Jewish Farm Brings Spirit to the Art of Cultivation

November 10, 2011

Urban Adamah is a one-acre farm and Jewish environmental education center that recently opened in West Berkeley, just a stone’s throw from Interstate 80. Named for the Hebrew word for “earth,” Urban Adamah provides local food banks and community organizations with fresh produce while accommodating 500 visitors a month.

The farm approaches agriculture from the standpoint of spirituality, environmental stewardship and social justice, said Adam Berman, Executive Director of Urban Adamah.

“Our hope is that people walk away with a visceral understanding of where their food comes from and the elements that conspire to produce it,” he said.

Urban Adamah offers programs for all ages and religious backgrounds, delivering lectures and workshops on topics such as “Introduction to Backyard Chickens” and “Palette Bed Building” to people interested in the promise of urban farming.

Third-grader Eli Bamberger, who attended summer camp this year, learned not only how to make challah in a solar powered oven but also how to clean a chicken house, where he handled the squawking and reluctant birds. “I was the only one brave enough to do it bare-handed,” he said.

Urban Adamah consults with local Jewish schools to brainstorm and develop Jewish environmental education curriculum. Through one such partnership, Urban Adamah works with four Midrashot, weekly Jewish schools for high school students. The result has been an elective on Judaism and Urban Agriculture; twice a semester students from the campuses visit the farm to get their hands dirty and practice Tikkun Olam, Hebrew for “repairing the world.”
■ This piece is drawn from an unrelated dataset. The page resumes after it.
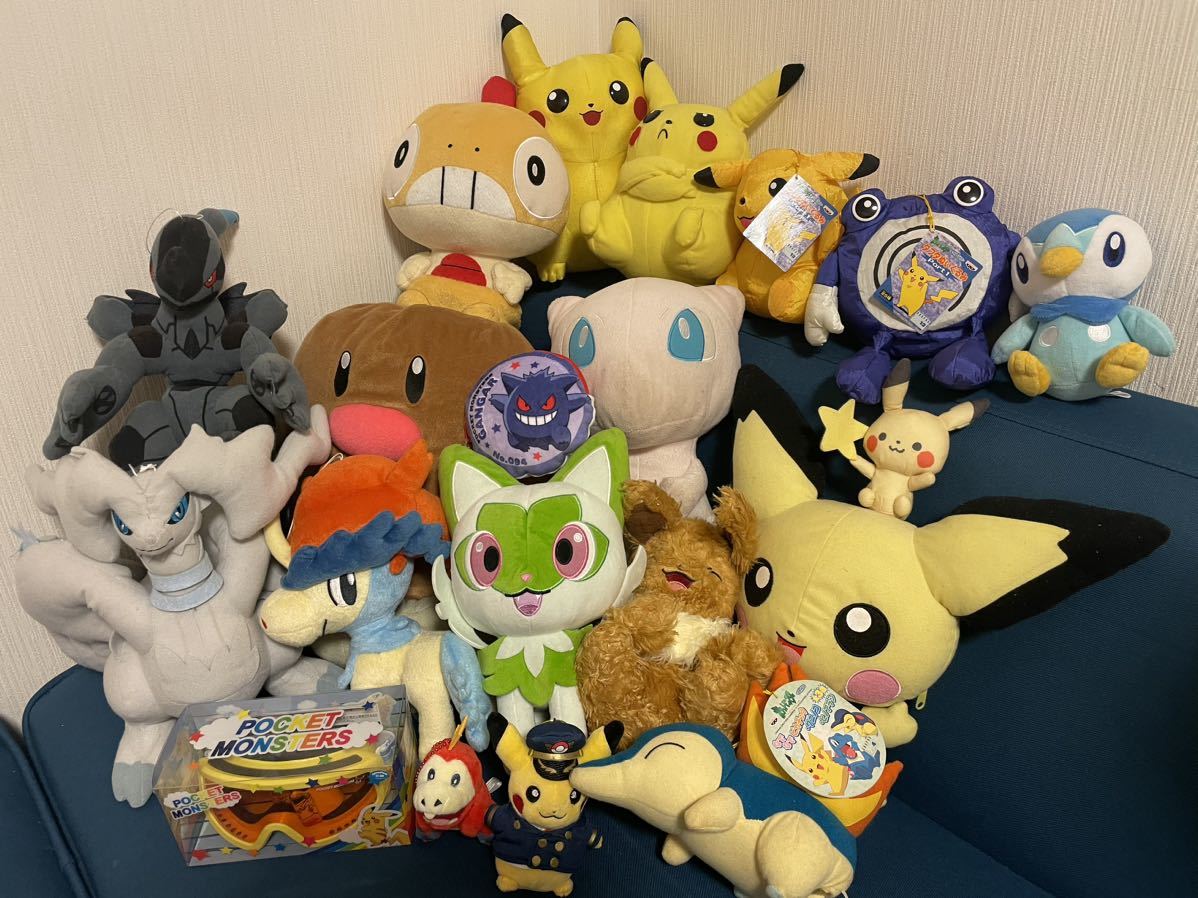 Yahoo!オークション - 1円 ポケモン ぬいぐるみ まとめ売り Yahoo!オークション - 1円 ポケモン ぬいぐるみ まとめ売り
 “When Urban Adamah was created, we were delighted to have it in our community, teaching about the connection between Judaism and ecology,” said Diane Bernbaum, director of a Jewish high school called Midrasha in Berkeley.  “To have a nearby hands-on lab where kids could learn the importance of food justice and Biblical agricultural principles, and the connections between them, was significant to us.”

The Midrashot students have made pickles and concocted bees wax lip balm to tie-in with the Jewish value of Shmirat HaGuf, or caring for the body. Recently, a group of students harvested basil from the herb garden and made it into pesto using a bike-powered blender.
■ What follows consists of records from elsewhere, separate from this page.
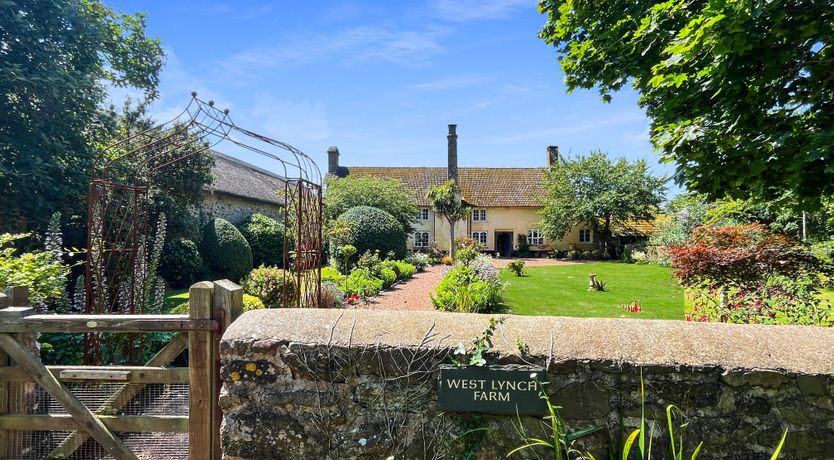 Photo of West Lynch Farm, Allerford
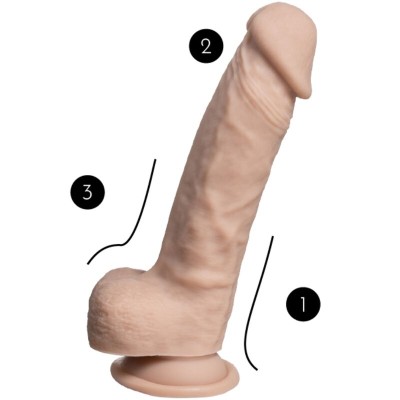 SILEXD MODELO 1 REAL SKIN PENE REALISTICO TERMO REACTIVO 178 CM PREMIUM SILEXPAN NATURAL
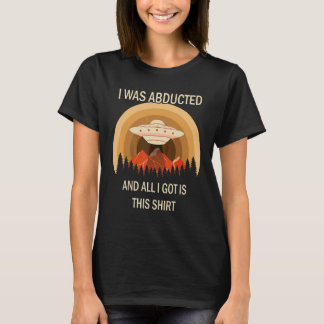T-shirt Enlèvement Alien Science Fiction Extraterrestre U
“ Everyone who tasted it agreed that it was surely the best pesto ever to have been made in the entire world,” said Suzie Rose, a teacher at Oakland Midrasha.

The curriculum also aims to educate students about the problems posed by conventional agriculture and how sustainable urban agriculture can be a solution. 

 “We are interested in helping to reprogram and re-orient Jewish teens and the community,” said Day Schildkret, a teacher at Midrasha in Berkeley and director of another Midrasha in Pleasanton. “How can we live in a sustainable environment, not separate from nature, but as a touchstone, congruent with nature?” 

Rebecca Herman, a senior at Midrasha in Berkeley, was impressed by her recent visit to the farm.

“It was really funny and strange to see half a block devoted to a farm in the middle of Berkeley,” she said.  “It kind of opened your mind to possibilities that you had automatically ruled out for no reason.”